**WHAT IS EXPECTED**
The reply should contain all the data below, repeated exactly, and none of the images.

**DATA SECTION**
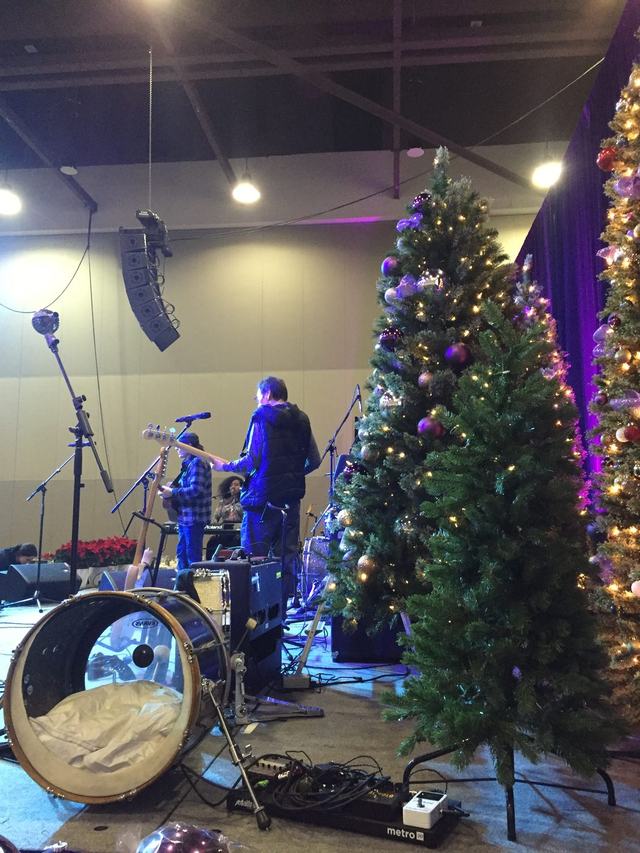 Decorated Christmas trees on stage at a live music event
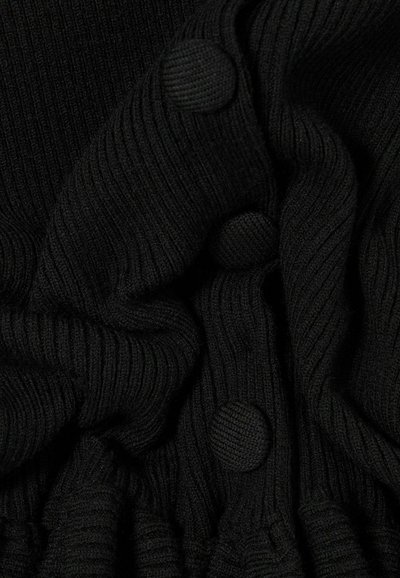 Tessuto a maglia nero a costine con bottoni rotondi texturizzati abbinati disposti verticalmente su materiale arricciato.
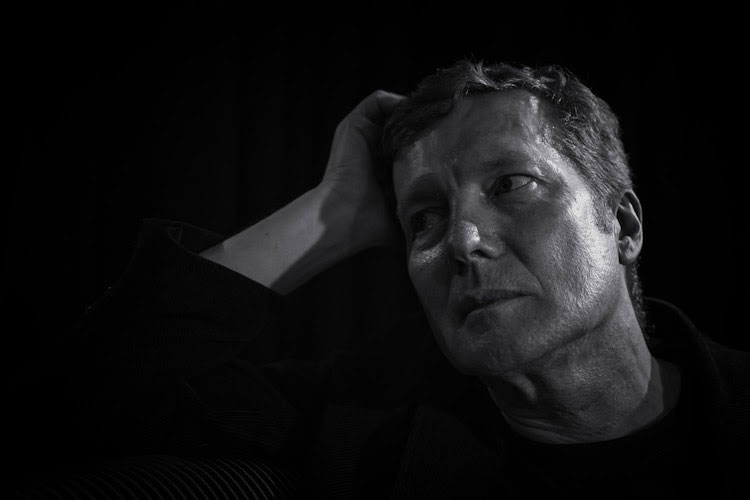 Tim Bowness - photo by Leon Barker. Black and white of the artist leaning on his right hand.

**FINAL ANSWER**
 Decorated Christmas trees on stage at a live music event
 Tessuto a maglia nero a costine con bottoni rotondi texturizzati abbinati disposti verticalmente su materiale arricciato.
 Tim Bowness - photo by Leon Barker. Black and white of the artist leaning on his right hand.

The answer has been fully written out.